• [WHAT TO DO]:
Transcribe the records verbatim, images excluded.

++++++++

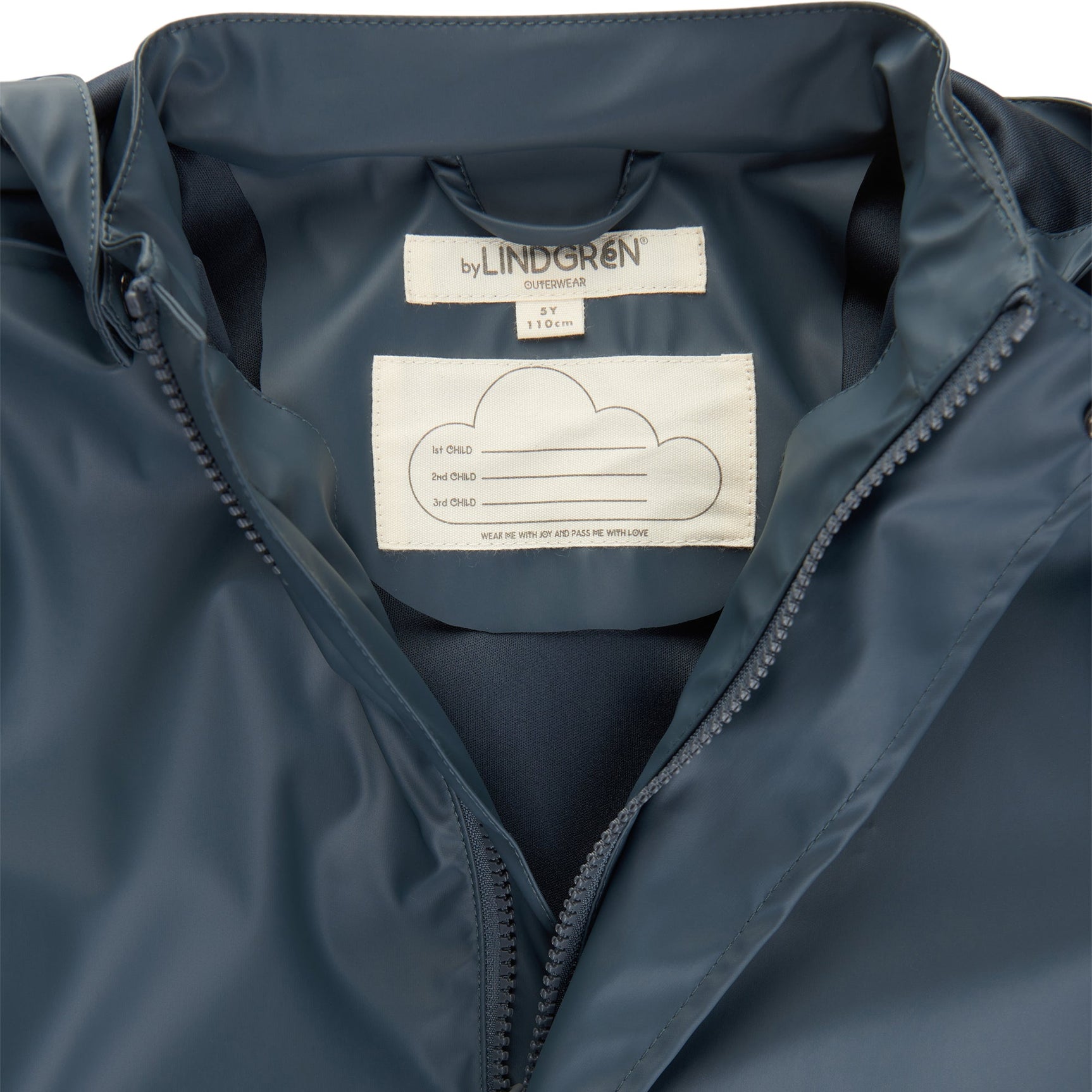 Gerd PU Regnsæt m. regnbukser - Blue Ash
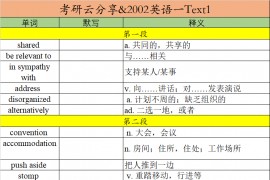 2002年英语一阅读理解Text1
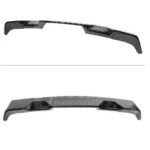 Fits 2008-2014 Chevrolet Silverado Gloss Black Rear Protector Truck Cab Spoiler - Image 5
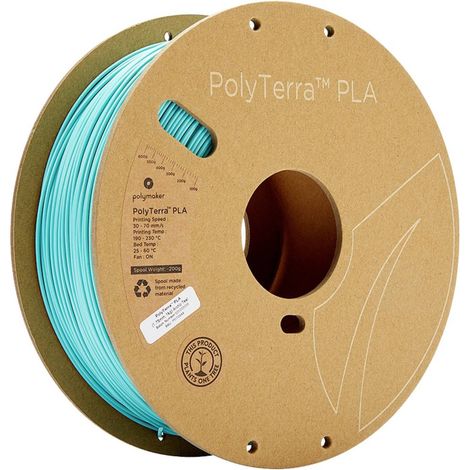 Polymaker 70844 PolyTerra PLA Filamento per stampante 3D Plastica PLA contenuto di plastica ridotto 1.75 mm 1000 g Azzu (1/5)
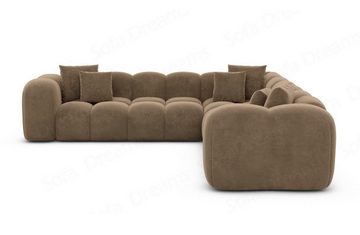 Sofa Dreams Ecksofa Design Stoff Samtstoff Couch Formentera L Form Stoffsofa, Loungesofa
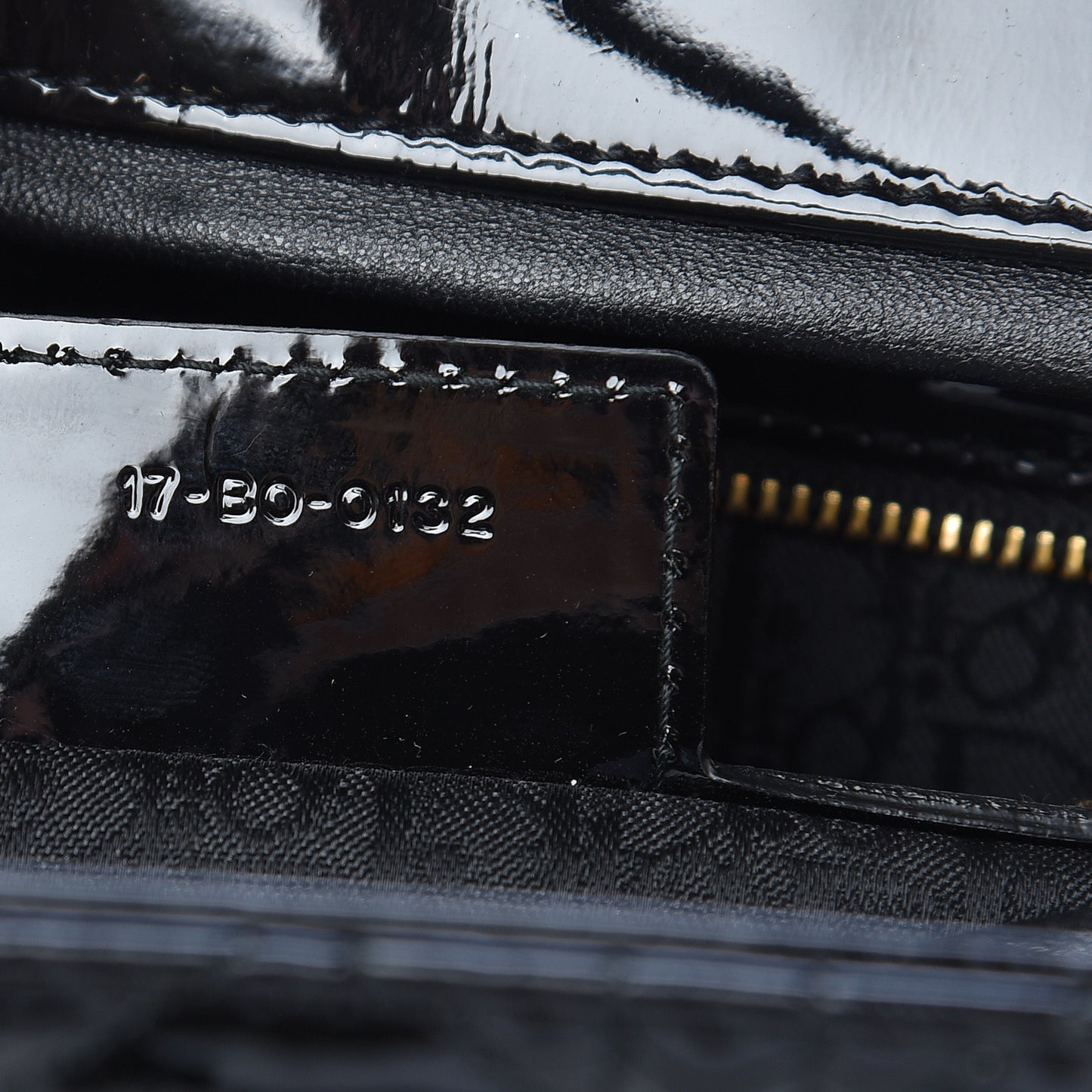 Patent Cannage Large Lady Dior Black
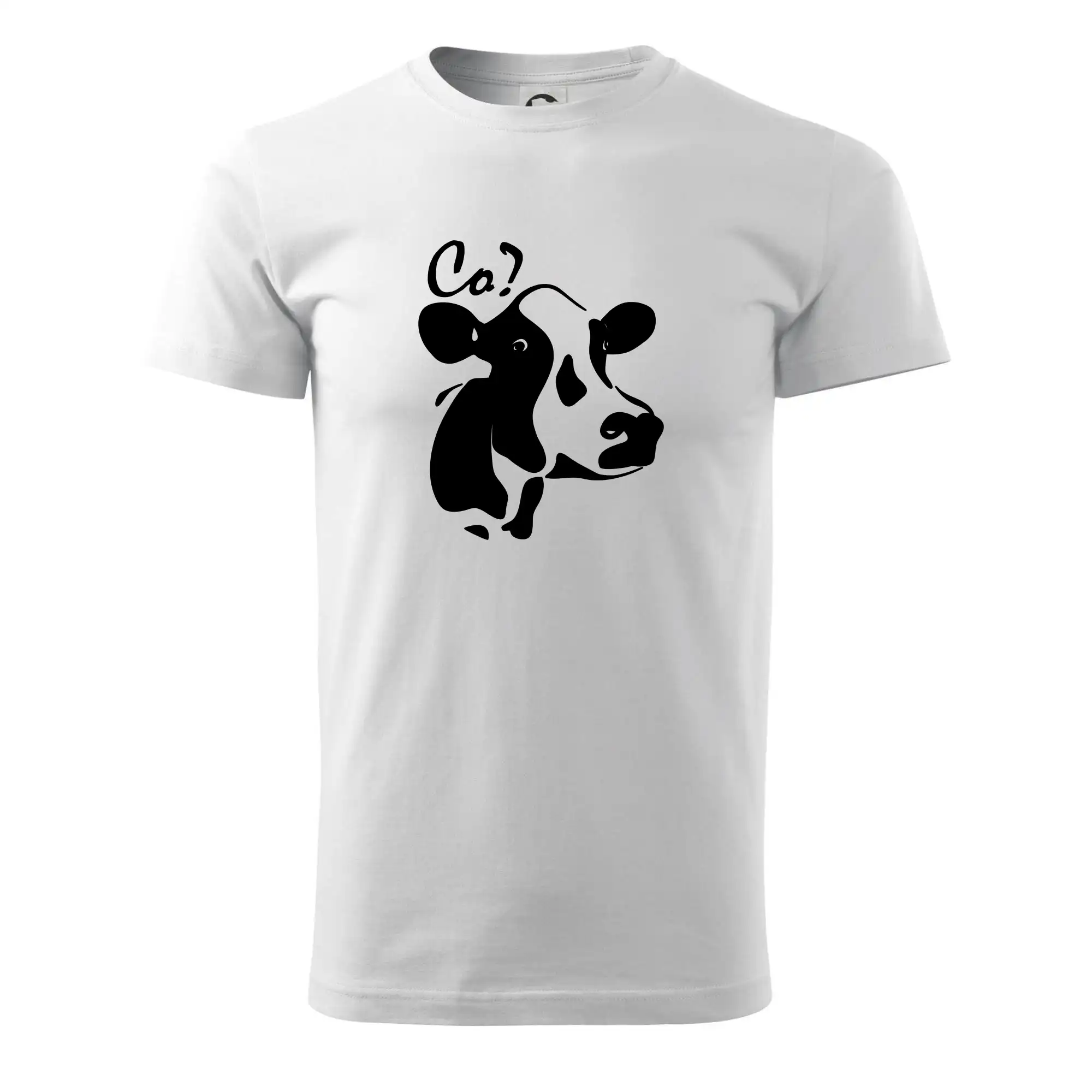 Tričká s kravou - Zmätená krava - Tričko extra veľké  (5-8XL)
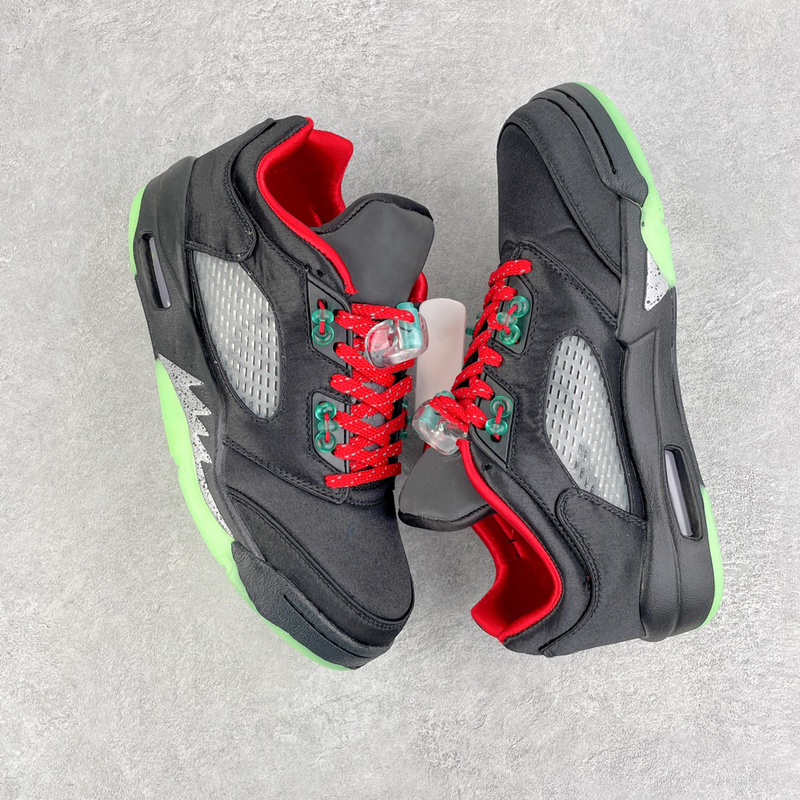 

Mens Basketball Shoes 5s Jumpmens Clot X Black 5 Black Silk Luminous Womens Running Sports Sneakers, ##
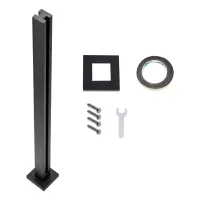 Abrazadera para vidrio 105 cm acero inoxidable 304, vidrio 1–1,2 cm
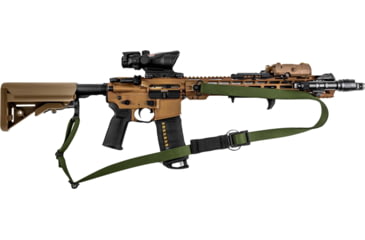 Image of T10 Complete Modular OperatorS System - Alpha Sling Olive Drab, Swinger Stock Coyote Brown, Mil-Spec, CMOS-ASL-ODG-SWST-COY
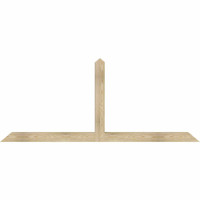 84"W x 35"H x 04"D x 4"F, 10/12 Pitch, Portland Rough Sawn Timber Gable Bracket, Douglas Fir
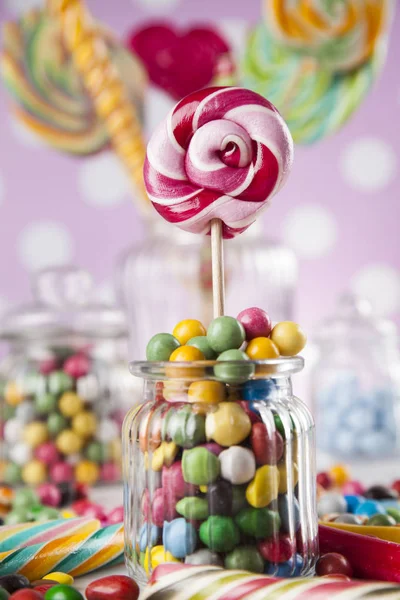 karışık renkli tatlılar 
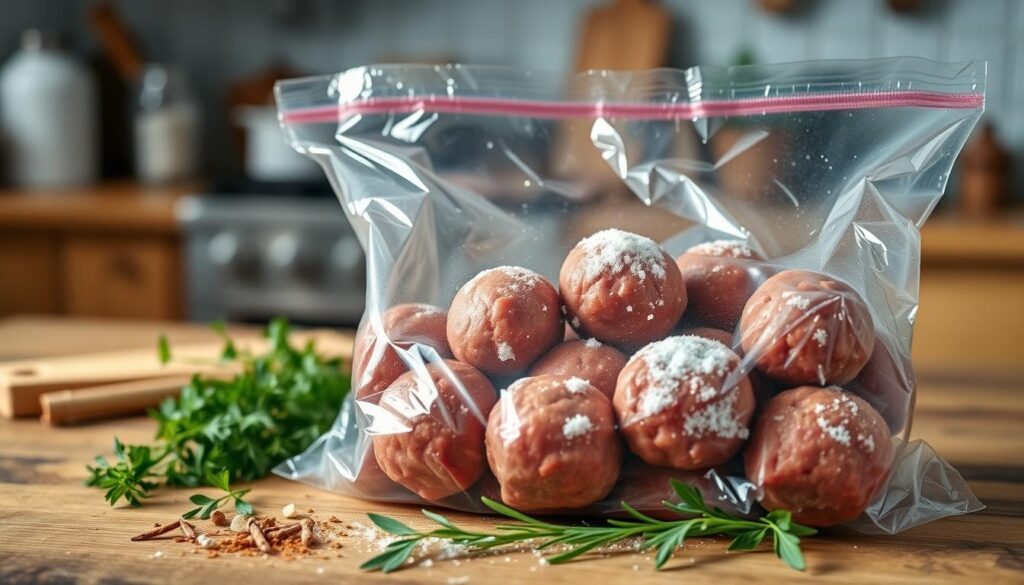 frozen beef meatballs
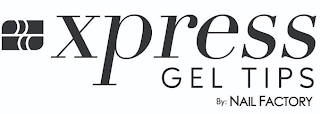 XPRESS GEL TIPS BY: NAIL FACTORY logo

++++++++

• [EXERCISE SOLUTION]:
 Gerd PU Regnsæt m. regnbukser - Blue Ash
 2002年英语一阅读理解Text1
 Fits 2008-2014 Chevrolet Silverado Gloss Black Rear Protector Truck Cab Spoiler - Image 5
 Polymaker 70844 PolyTerra PLA Filamento per stampante 3D Plastica PLA contenuto di plastica ridotto 1.75 mm 1000 g Azzu (1/5)
 Sofa Dreams Ecksofa Design Stoff Samtstoff Couch Formentera L Form Stoffsofa, Loungesofa
 Patent Cannage Large Lady Dior Black
 Tričká s kravou - Zmätená krava - Tričko extra veľké  (5-8XL)

Mens Basketball Shoes 5s Jumpmens Clot X Black 5 Black Silk Luminous Womens Running Sports Sneakers, ##
 Abrazadera para vidrio 105 cm acero inoxidable 304, vidrio 1–1,2 cm
 Image of T10 Complete Modular OperatorS System - Alpha Sling Olive Drab, Swinger Stock Coyote Brown, Mil-Spec, CMOS-ASL-ODG-SWST-COY
 84"W x 35"H x 04"D x 4"F, 10/12 Pitch, Portland Rough Sawn Timber Gable Bracket, Douglas Fir
 karışık renkli tatlılar 
 frozen beef meatballs
 XPRESS GEL TIPS BY: NAIL FACTORY logo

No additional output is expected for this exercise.